Patrizia UK & Ireland Residential Investment Executive Antonio Marin-Bataller said that across Europe, core capital investment has all but stopped and is more active among the opportunistic and value-add investors.
“Investors are only going to spend core on the crème de la crème at good pricing, and if you look at markets like London and Sweden, they have repriced over 100 basis points,” he said. “Ireland’s fundamentals are still very good, with schemes fully occupied, but pricing needs to correct, and that needs to happen pretty quickly.”
With rental caps common in Europe, he speculated that the 2% restriction was too tight for international money to come in. Investors would need to see evidence of very attractive returns.
“We are going through a significant correction.
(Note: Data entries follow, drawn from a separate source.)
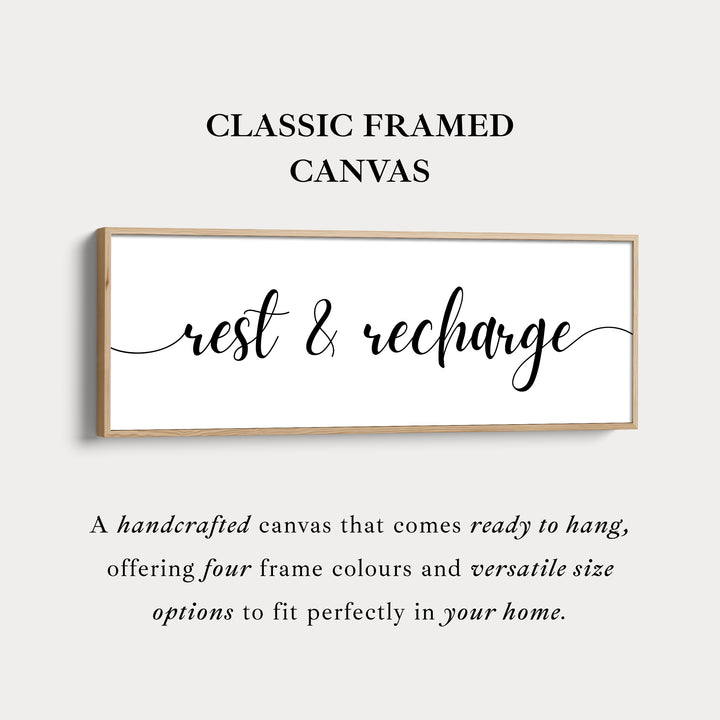 Muurdecoratie boven bed voor logeerkamer horizontale kunst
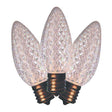 LED C9 PURE WHITE 25CT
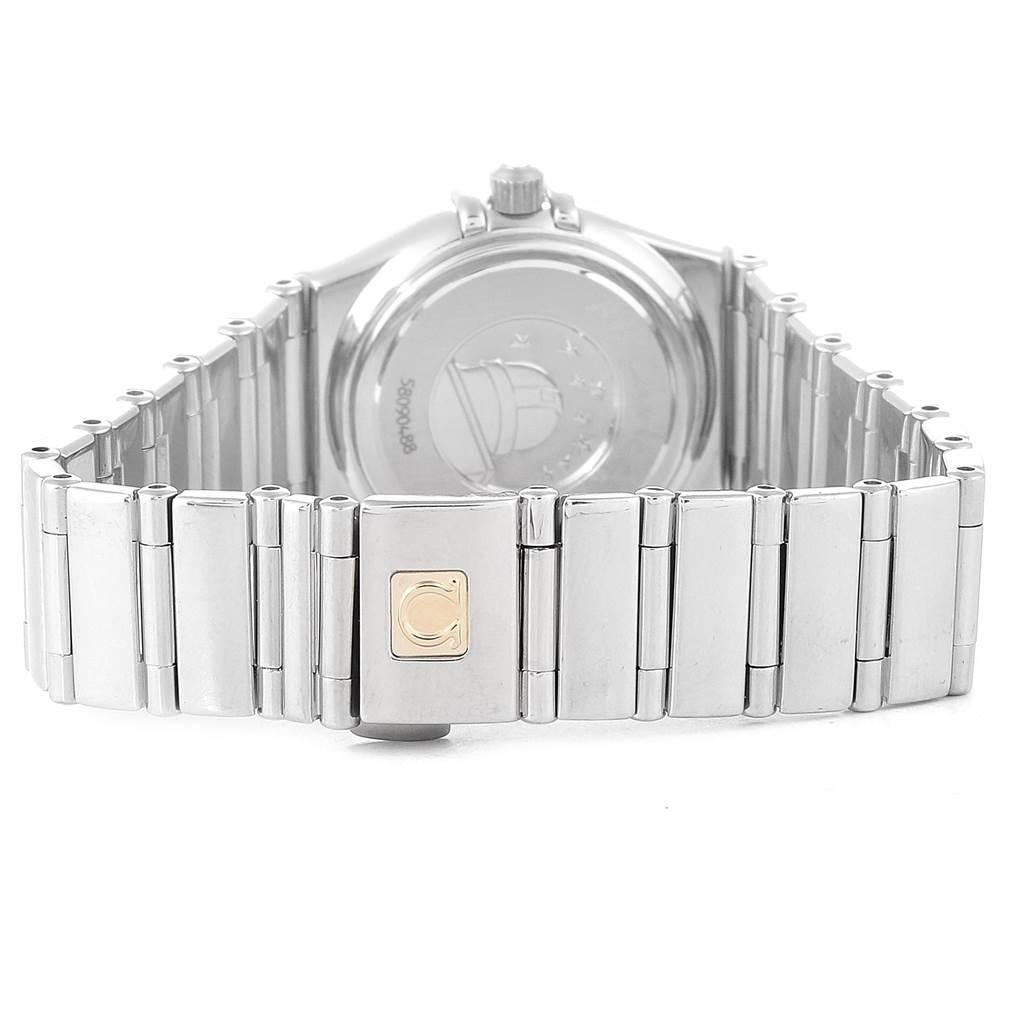 Women's Omega Constellation My Choice Mini Ladies Diamond Watch 1465.51.00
The cost of capital and debt is very expensive,” Marin-Bataller added.
Greystar Ireland Investment Director Miguel Fitzgerald questioned the purpose of the 2% cap, saying it was positive for existing tenants but “very detrimental to the asset class and the investor, as we can see that with no activity in the private rental sector.”
He argued that the cap should apply to the person, not the property, and pointed to the fact that in some apartment blocks, neighbours might be paying rental differences of a thousand euros per month depending on when they took up their tenancy.
“For investors, the dates of tenancies are like vintages of wine, where some invested in great years and others in much worse vintages,” Fitzgerald said. “Investors don't have to be here. Their money can end up elsewhere if we are not attractive enough, and at the moment, we are not because of the rent cap.”
One of those overseas companies that has been active in Ireland as an alternative debt provider is U.S.-based Harrison Street. Managing Director Ben Chittick said that while he understood that the rent cap had been introduced as protection from “skyrocketing rents” it had only succeeded in helping to exacerbate the shortage of available properties.
“The purpose has put us backwards. It is not progressive,” he said. “The current theme is uncertainty. Investors need to know they have an exit into a market of scale. But all the pieces are dysfunctional. We need a correction to get things moving, then things will start to unlock. Right now, everyone is looking at the same cloudy crystal ball.”